My rating: 5 of 5 stars
I picked this up for my kid at the library, flipped through it real quick to scan for possible emotional potholes and decided that it was so ironic and tongue-in-cheek that it would be fine.
And it was. My son laughed and laughed and laughed. Then I read it and laughed and laughed and laughed. MT Anderson is funny. And funny in a way that appeals to a seven year old and his jaded mother. Both.

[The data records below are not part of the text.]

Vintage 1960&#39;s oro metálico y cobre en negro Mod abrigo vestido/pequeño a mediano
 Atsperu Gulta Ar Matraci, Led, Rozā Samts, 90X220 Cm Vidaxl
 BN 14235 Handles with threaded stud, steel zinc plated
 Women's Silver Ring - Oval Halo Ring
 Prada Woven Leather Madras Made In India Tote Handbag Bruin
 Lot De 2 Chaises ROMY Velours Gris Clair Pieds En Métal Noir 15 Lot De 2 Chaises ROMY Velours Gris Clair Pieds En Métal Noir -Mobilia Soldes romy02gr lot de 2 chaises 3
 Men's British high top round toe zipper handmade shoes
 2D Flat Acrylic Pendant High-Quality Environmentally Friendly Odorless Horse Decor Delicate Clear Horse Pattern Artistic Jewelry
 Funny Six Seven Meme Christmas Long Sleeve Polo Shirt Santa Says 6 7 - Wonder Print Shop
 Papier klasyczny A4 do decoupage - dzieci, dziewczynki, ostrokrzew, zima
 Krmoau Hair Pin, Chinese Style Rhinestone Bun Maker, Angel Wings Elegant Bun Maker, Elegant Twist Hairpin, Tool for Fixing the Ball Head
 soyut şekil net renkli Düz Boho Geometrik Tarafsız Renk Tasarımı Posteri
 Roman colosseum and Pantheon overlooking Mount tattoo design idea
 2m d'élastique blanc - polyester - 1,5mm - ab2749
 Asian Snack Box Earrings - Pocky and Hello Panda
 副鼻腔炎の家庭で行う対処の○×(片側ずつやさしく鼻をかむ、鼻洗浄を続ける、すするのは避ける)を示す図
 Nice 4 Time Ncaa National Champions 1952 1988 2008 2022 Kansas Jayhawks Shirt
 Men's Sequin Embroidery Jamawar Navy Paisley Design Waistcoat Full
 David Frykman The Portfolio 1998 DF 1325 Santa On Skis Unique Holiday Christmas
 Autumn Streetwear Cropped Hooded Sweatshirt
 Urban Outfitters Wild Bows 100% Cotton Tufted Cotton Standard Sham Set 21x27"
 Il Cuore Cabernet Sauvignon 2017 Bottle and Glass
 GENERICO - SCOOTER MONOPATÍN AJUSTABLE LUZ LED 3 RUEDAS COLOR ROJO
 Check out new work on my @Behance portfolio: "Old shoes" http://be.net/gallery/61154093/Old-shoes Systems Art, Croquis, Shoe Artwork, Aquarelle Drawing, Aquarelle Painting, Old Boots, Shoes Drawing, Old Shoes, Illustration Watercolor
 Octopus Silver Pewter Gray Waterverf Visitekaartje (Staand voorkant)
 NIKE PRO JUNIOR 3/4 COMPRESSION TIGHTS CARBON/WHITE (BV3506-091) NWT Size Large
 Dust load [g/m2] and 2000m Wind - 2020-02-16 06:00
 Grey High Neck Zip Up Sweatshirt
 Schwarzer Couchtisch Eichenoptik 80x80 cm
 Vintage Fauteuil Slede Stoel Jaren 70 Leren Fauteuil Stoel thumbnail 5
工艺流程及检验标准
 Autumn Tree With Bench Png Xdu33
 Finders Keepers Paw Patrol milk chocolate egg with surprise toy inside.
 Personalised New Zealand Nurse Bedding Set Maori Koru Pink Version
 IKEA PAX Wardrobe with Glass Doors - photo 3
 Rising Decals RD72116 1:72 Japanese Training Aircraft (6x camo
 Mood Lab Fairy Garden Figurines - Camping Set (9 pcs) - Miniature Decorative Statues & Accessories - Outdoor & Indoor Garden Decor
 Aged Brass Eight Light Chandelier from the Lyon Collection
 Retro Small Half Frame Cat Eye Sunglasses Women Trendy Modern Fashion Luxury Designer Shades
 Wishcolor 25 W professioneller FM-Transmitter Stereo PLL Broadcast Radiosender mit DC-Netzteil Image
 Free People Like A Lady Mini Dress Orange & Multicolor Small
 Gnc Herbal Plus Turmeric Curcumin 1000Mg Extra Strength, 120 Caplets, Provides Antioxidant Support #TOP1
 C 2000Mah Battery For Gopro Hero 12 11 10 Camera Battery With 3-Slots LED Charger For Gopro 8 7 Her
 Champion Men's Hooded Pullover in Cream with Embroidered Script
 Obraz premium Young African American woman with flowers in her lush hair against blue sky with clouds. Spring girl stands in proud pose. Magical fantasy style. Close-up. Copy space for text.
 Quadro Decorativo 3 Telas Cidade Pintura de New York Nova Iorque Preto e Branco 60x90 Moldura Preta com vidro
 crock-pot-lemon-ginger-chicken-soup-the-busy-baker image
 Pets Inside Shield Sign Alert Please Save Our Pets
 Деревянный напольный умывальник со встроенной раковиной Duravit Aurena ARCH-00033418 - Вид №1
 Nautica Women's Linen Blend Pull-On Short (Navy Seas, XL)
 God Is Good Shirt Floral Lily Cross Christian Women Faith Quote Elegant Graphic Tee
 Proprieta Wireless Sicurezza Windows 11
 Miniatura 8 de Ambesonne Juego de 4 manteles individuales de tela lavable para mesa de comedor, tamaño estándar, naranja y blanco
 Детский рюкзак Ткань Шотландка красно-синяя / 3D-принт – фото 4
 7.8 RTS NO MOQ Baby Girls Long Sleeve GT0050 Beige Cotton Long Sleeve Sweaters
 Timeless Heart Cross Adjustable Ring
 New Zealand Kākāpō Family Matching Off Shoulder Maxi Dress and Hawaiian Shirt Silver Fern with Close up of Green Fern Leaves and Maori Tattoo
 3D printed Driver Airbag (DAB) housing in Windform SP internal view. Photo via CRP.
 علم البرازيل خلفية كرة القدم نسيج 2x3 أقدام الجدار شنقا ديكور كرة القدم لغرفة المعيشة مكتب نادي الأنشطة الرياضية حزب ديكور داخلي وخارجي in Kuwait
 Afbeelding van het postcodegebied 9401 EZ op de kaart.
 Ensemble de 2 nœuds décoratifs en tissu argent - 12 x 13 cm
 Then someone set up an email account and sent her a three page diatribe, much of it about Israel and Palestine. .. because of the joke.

This is not one of those books that tries too hard to be clever. This is one of those books that just simply IS clever. The very embodiment of it. Ostensibly a spoof of the children's literature of the 50s and 60s it is also an homage; an homage to Nancy Drew and Tom Swift and the pulp, series children's books of that era. There is the promotion of Gargletine, Jasper Dash's drink of choice and fake ads for books starring Jasper Dash (the Tom Swift character who says things like "Great Scott! Will these cads never ceases mocking my jumpsuit?") and Katie Mulligan (kind of cross between Nancy Drew and Buffy the Vampire Slayer). One of the fake ads features an asterisk next to the declaration "AVAILABLE AT FINE STORES NEAR YOU!" The accompanying footnote, which occupies the bottom of seven pages, starts thusly; "No longer available on the shelves at fine stores near you. Available now exclusively and by special arrangement on the shelves of old vacation rental cottages, where you can often find Jasper Dash books in the living room, as well as old National Geographics, Chinese checkers, half colored-in Herbie the Love Bug activity books from 1978, used up Mad Libs, and dog-eared, boring novels for adults by Leon Uris, Colleen McCullough, and James Michener, I mean big, thick books with names like Space and Novel, you know what I mean ... all the books are dry and yellow from the sun, and all of them have wrinkly pages from the salt water, and when you flip through them, sand falls out as if it was index cards marking the place of former summers..."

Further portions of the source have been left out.